I have no idea, either, but I know that when I do go to gay bars with straight female friends, some random "straight" guy usually ends up harassing them. I've heard some straight guys who say they go specifically to find straight women (less competition?) while I've known others who are gay bar regulars who, solely in my experience, have turned out to be there just as a way to deal with their sexuality.
I agree that it's ridiculous how bloggers especially, have made terms like gender privilege such a part of the lexicon, when it barely seems to be used in any way but as some sort of key word simply used as lazy shorthand to get people talking. I admit what bothered me the most in the Jezebel piece just was how the author assumed his experience was universal, or else the gay guys were willfully blind -- when really he seemed just fed up with whatever gay scene he used to, to paraphrase him, regularly go out and drink till he was blackout in. And then to quote some professor who in some random university class apparently asked his gay students if they had inappropriately touched one of their female friends in the last week and they "all" lifted up their hands. I have no clue what school or class this was, but even in my gender or sexuality related classes I never had any idea which guys were gay or not...
#58The Myth of 'Gay Male Privilege'
Posted: 1/29/14 at 7:51am
The Macklemore op-ed pieces and rants on Tumblr, et al., all basically boil down to "grr, a straight white man did a thing!" Maybe add in "cisgender"- another term that's been tossed around so much I now find it irksome, too.
And that's the issue with the social justice on social media movement- it's largely ill-formed, despite the use of academic phrases, and driven by a blinding passion. And in its quest to be inclusive, it just ends up striking the same target, one-sidedly, aggressively, and repeatedly.
#59The Myth of 'Gay Male Privilege'
Posted: 1/29/14 at 10:04am
^^^^
Yup.
I can understand in certain cases where privilege is actually the case of something impacting, like that awful Grantland piece on the dead transgender golf putter designer by Caleb Hannan (and yeah, cisgender was often used to describe him on Tumblr pieces- but I at least understand why where there is a transwoman involved in his matter), but I think actions lose impact if they are constantly identified as the result of 'privilege'. There is a lot of passion in the rhetoric but I think people forget that much of the terminology was often used in the abstract and not so personalized for a reason. It does come off aggressive. It's true that something bad shouldn't happen to oppressed minorities for there to be 'teachable' moments for 'privileged' people but how do you expect those people to grow and learn if you constantly berate them? It becomes white noise if everything they do is the result of their 'privilege'. Like Macklemore beating Kendrick Lamar at the Grammys is not the result of white privilege; it is because the Grammys have been so, so dumb with hip hop but also in other music historically that to take them as an awards branch so seriously is a fool's errand. Like nobody would call Jethro Tull beating Metallica for a Heavy Metal Grammy years ago being because of 'privilege'- just tone-deafness and ignorance on what Metal is as a genre.

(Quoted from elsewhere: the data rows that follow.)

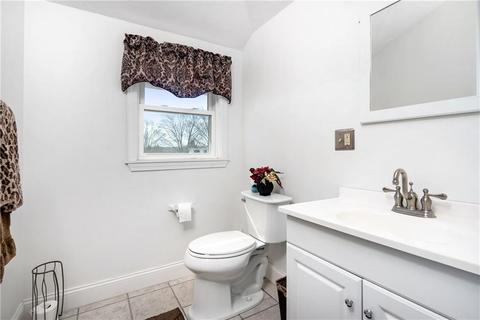 55 Glen Rd, Woonsocket, RI 02895 photo 27
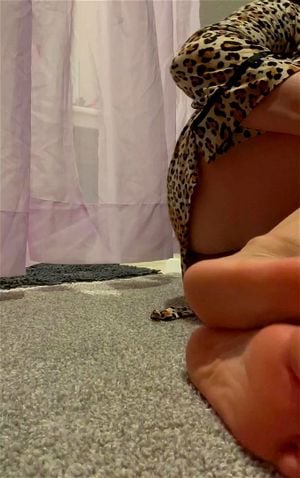 Footjob 1 thumbnail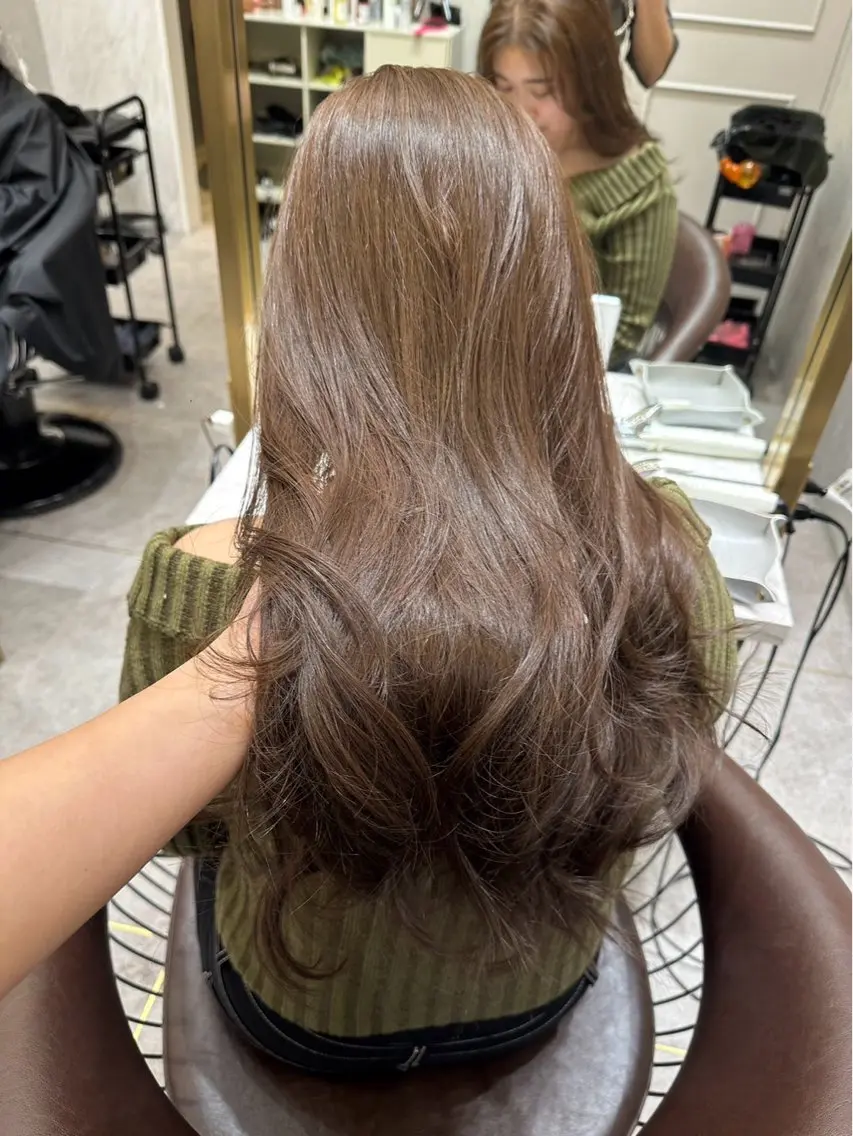 ロング カラー ベージュカラー ヘアカラー トリートメント ミルクティ/ ブラウンカラー/りおのヘアスタイル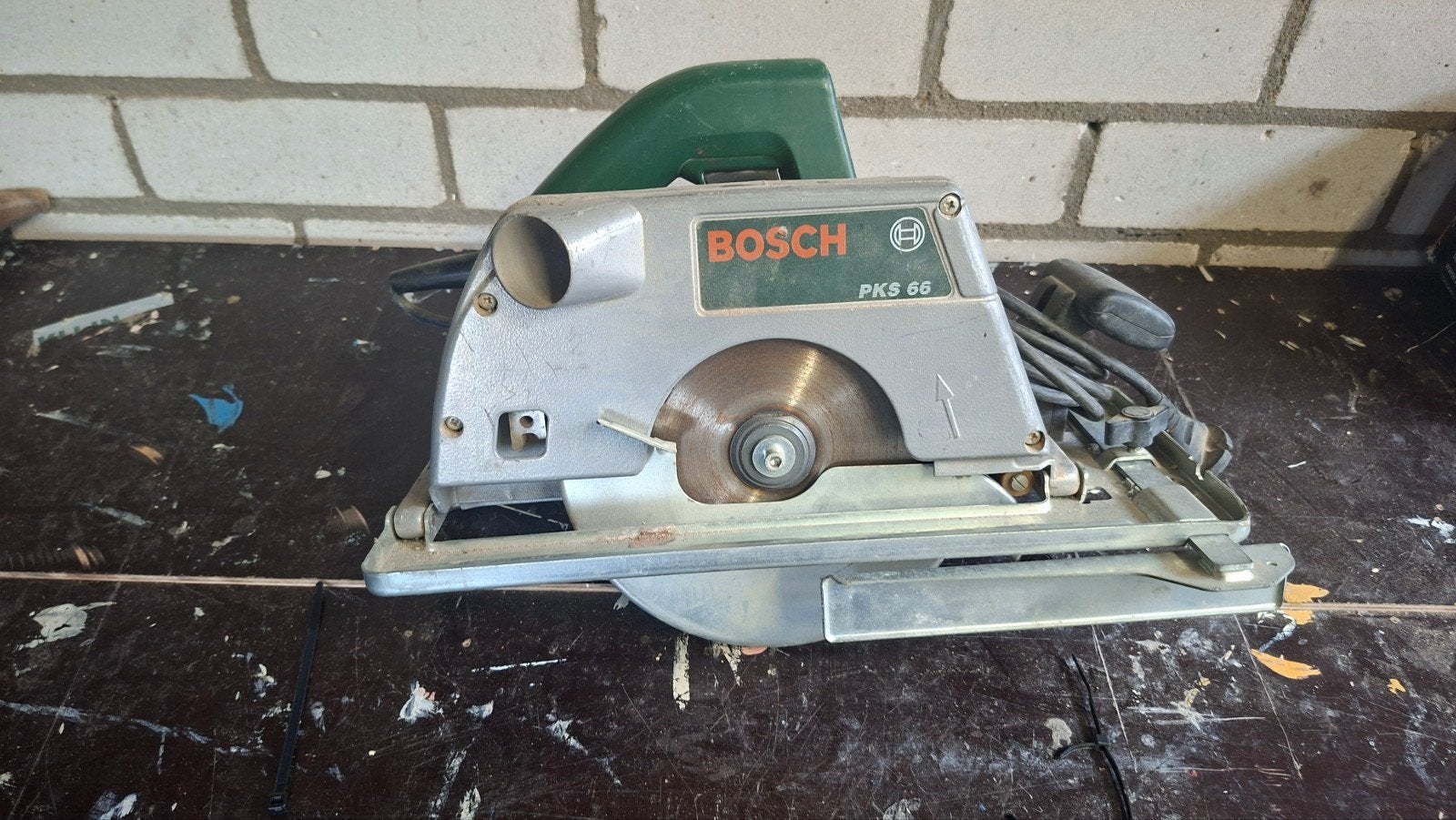 Bosch PKS 66 Cirkelzaag - Krachtig en Betrouwbaar, Gebruikt, Cirkelzaag, 600 tot 1200 watt, Ophalen of Verzenden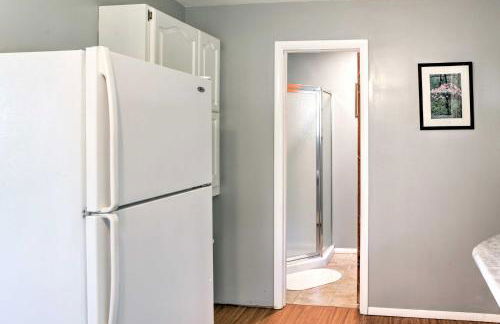 Mayfield Home with Private Dock on Lake Sacandaga! - Foto 11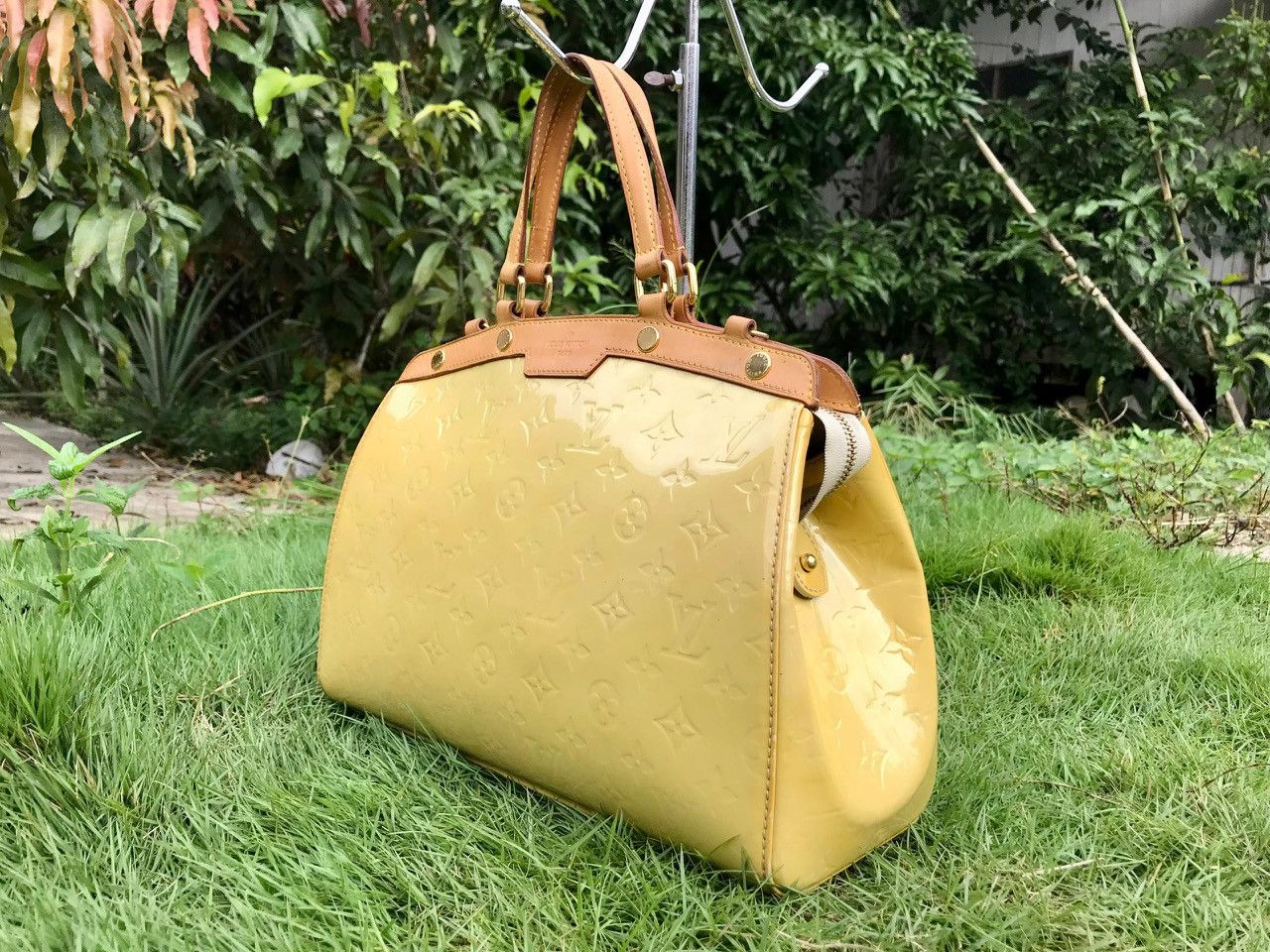 Louis Vuitton Authentic Louis Vuitton Monogram Vernis Leather Brea MM Bag Size ONE SIZE - 4 Thumbnail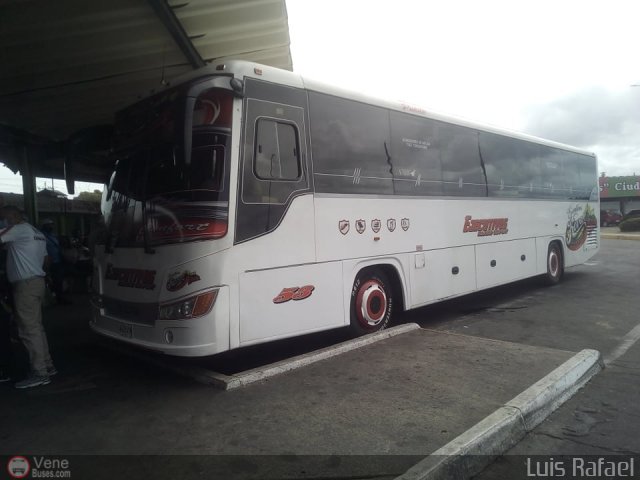 Ejecutivos Kova 053 por Rafael Pino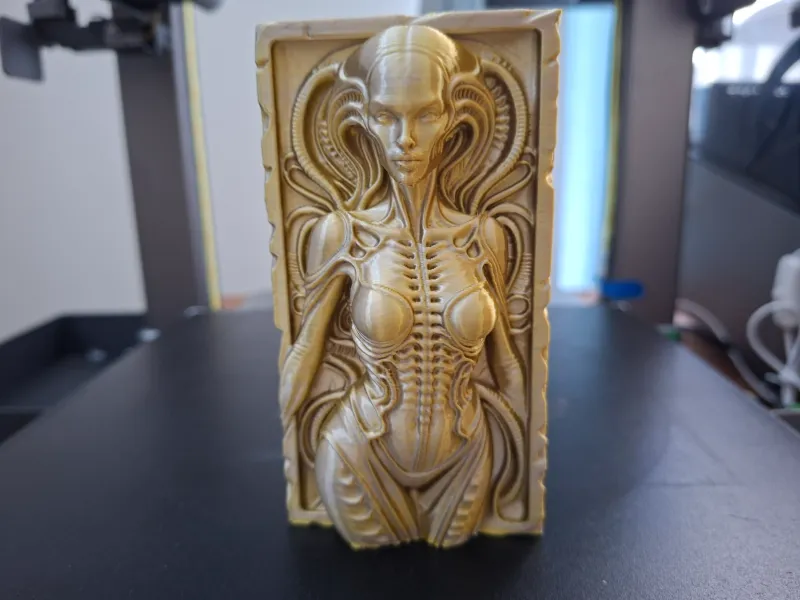 Giger Girl_01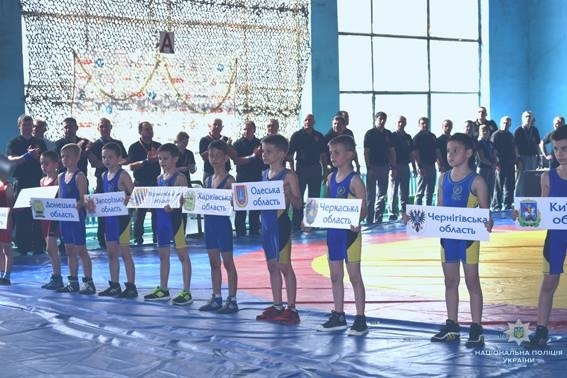 В Николаеве прошел Чемпионат Украины по вольной борьбе среди школьников Фото № 8 В Николаеве прошел Чемпионат Украины по вольной борьбе среди школьников Фото № 8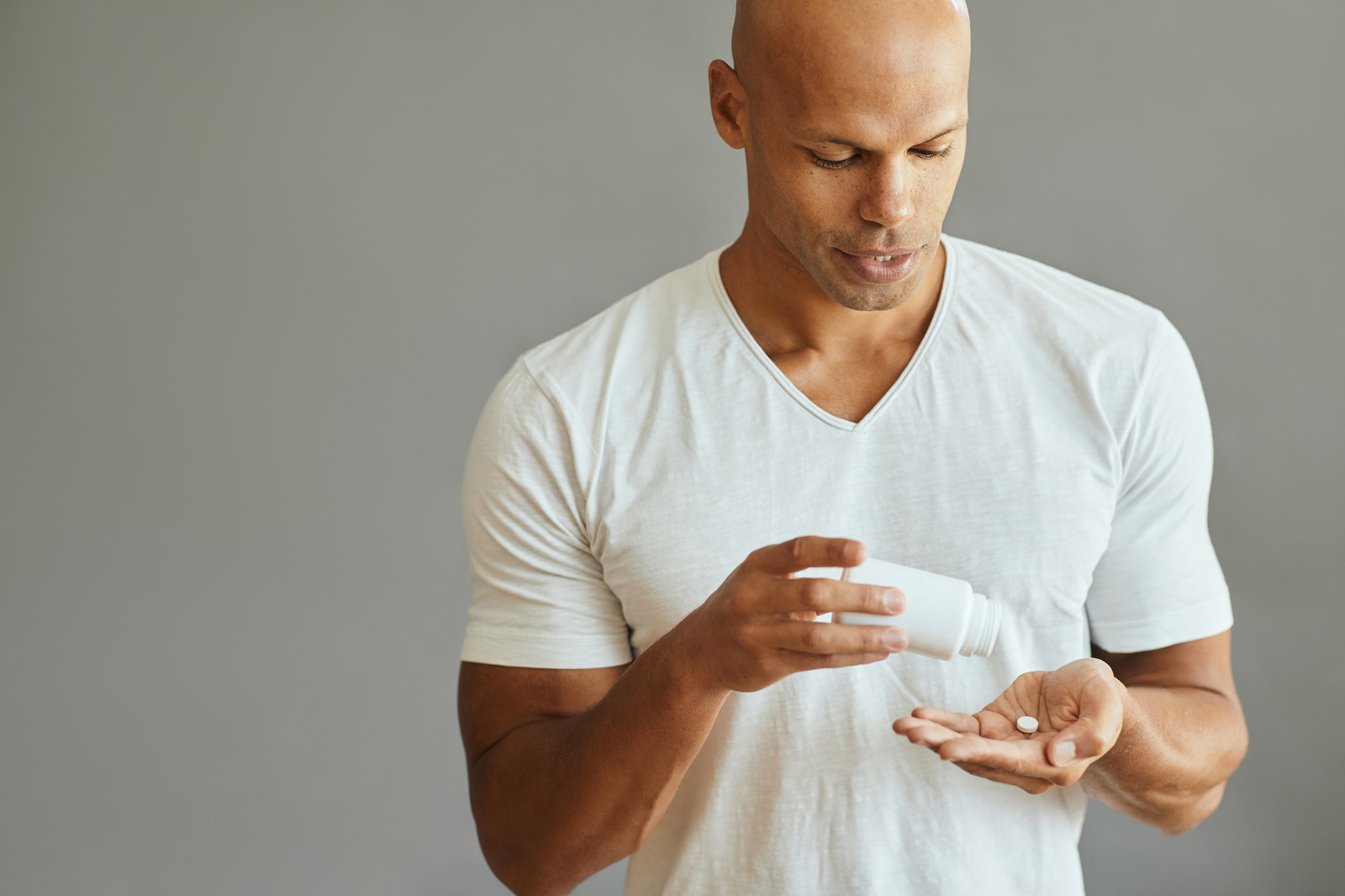 14 Vitamins and Supplements for a Healthy Scalp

#60The Myth of 'Gay Male Privilege'
Posted: 1/29/14 at 10:33am
I have seen a lot of arguments about the Grammys that I find icky. Primarily, a number of people have been saying that because Macklemore, Justin Timberlake, Robin Thicke, et al are white artists performing in traditionally "black" genres like R&B, hip-hop, and rap, they're in the wrong. Which strikes me as... well, flat-out racist. It's implying that there are genres that only one race can rightfully perform. And then the artists are faulted for being SUCCESSFUL- I've seen the note that there wasn't a number-one black artist on Billboard this year. How can the artists be faulted for being successful?
And then there are arguments faulting Macklemore for ACCEPTING the award- not faulting the award body for GIVING it.
Ugh, this is off the topic and tangential. But it's indicative of the social media slacktivist culture.